In the two generations since Snow left Mount St. James, the nation’s affordable housing problem has evolved, affecting different populations and regions in different ways. Nearly the only thing it hasn’t done is ease up. While other social issues grab headlines, the struggle faced by millions to simply keep a roof over their families’ heads has a way of perennially flying beneath the radar.
Many consider affordable housing an urban concern or one affecting only those receiving government assistance. As such, it’s all too easy to dismiss it as one component of the larger entitlement issue, which may seem so vast as to be unsolvable. But Snow’s decades of work in two Vermont counties proves affordable housing isn’t just a problem for cities, but a rural problem as well. And, it’s a problem affecting the unemployed and the employed.

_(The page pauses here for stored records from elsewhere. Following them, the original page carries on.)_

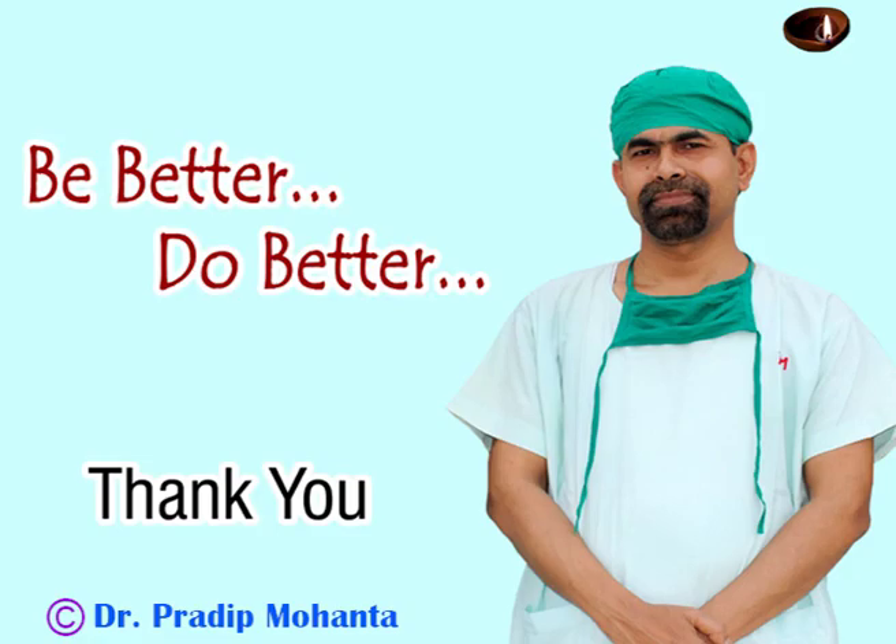That's it. Thank you very much for your attention. Hope this video will help you in developing your surgical skills. Be a great surgeon and serve mankind with love, respect, compassion, empathy, and great competence.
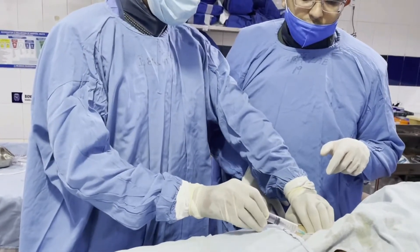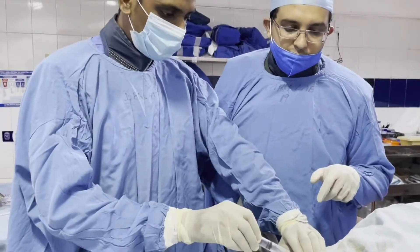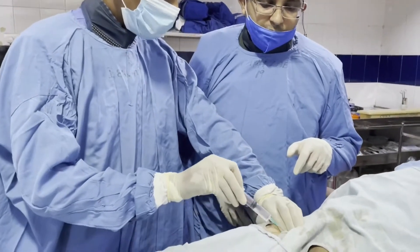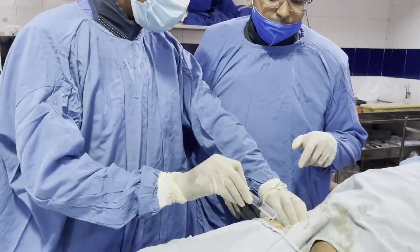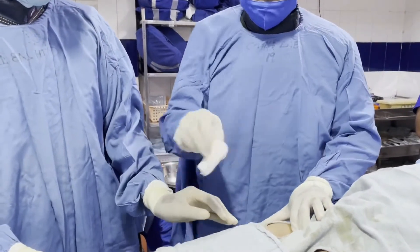To correctly localize into the femoral artery, we need to palpate the artery after getting the rough position, which is 3 cm below the mid portion of the inguinal ligament.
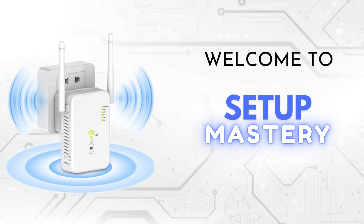Welcome to Setup Mastery, your go-to channel for all things tech. Here, we explore the latest gadgets, unbox cutting-edge devices, and provide step-by-step installation guides to help you optimize your setup. Subscribe now and join our journey to master the art of perfect setups.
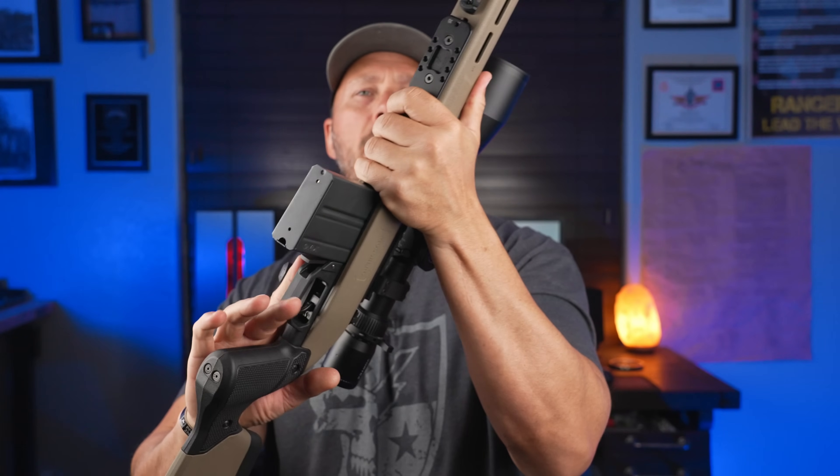The Barnes ammunition performed exceptionally well — if you want to see more ammo testing, let me know in the comments. I still need to figure out a way to test mechanical accuracy with the rifle locked into a rest so you can see how precise it is without user error affecting results. I know people love to see five- to ten-round groups and I want to deliver that for you. One last cool thing: Mossberg is still a family-owned company — in fact, it is the oldest family-owned firearms manufacturer in the country, and I think that's really cool. Make sure you get subscribed and I'll see you on the next one.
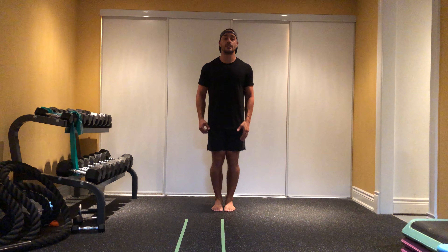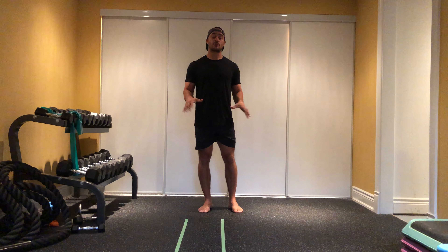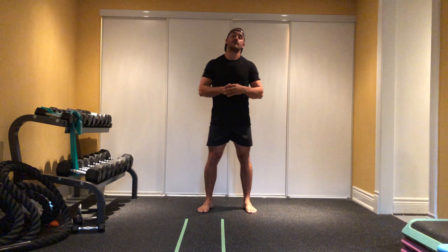The first exercise is going to be drop squats. Feet together, dropping down, popping up. Nice and light on the feet. If drop squats are a little too much for you, just perform regular pulse squats up and down, trying to move nice and fast with it.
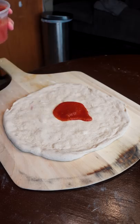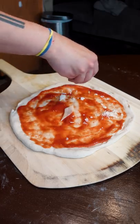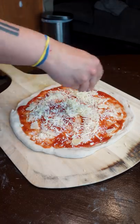Gonna hit it with that young sauce first. Parmesan, some mozzarella before we cake on that pepperoni.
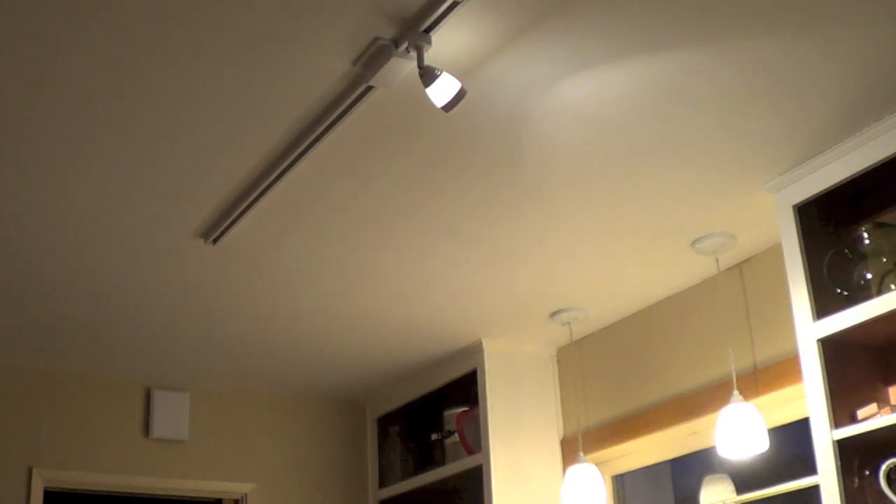Now I'm going to turn them all the way off. And there you have it — they are all off now. That's just with one light bulb added.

“Some of our tenants are on assistance, but others are working,” says Rev. Frederick M. Enman, S.J., founder of Matthew 25, a Worcester-based nonprofit dedicated to providing food and housing relief. He sees the working poor “requiring two weeks’ pay just for rent. Sometimes, they’re even creeping into that third week.”

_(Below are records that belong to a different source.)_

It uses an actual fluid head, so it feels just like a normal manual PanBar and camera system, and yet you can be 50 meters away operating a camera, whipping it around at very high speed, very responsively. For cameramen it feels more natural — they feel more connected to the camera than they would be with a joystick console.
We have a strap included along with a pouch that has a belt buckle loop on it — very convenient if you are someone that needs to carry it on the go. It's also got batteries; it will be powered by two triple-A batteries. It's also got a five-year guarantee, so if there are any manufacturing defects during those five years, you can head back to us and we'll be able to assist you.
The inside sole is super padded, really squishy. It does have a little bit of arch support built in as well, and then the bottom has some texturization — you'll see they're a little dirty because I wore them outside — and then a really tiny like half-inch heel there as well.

Enman, well-known as “Fr. Fred,” served as a visiting professor at Holy Cross from 1990 to 1994. That’s how Worcester became the home of Matthew 25, which Enman and a few friends launched with a yard-sale fundraiser that earned about $1,000; this fall it celebrates its 30th anniversary. With a budget now of $300,000 per year and a ceaseless stream of help from Holy Cross students (more than 1,000 have helped with demolition, painting and everything in between), the organization has renovated and rented 10 homes in Worcester, one in Boston, and tackles a new project every two to three years. Working tenants contribute according to the rule of thumb Enman learned long ago: A week’s pay should cover the rent or mortgage.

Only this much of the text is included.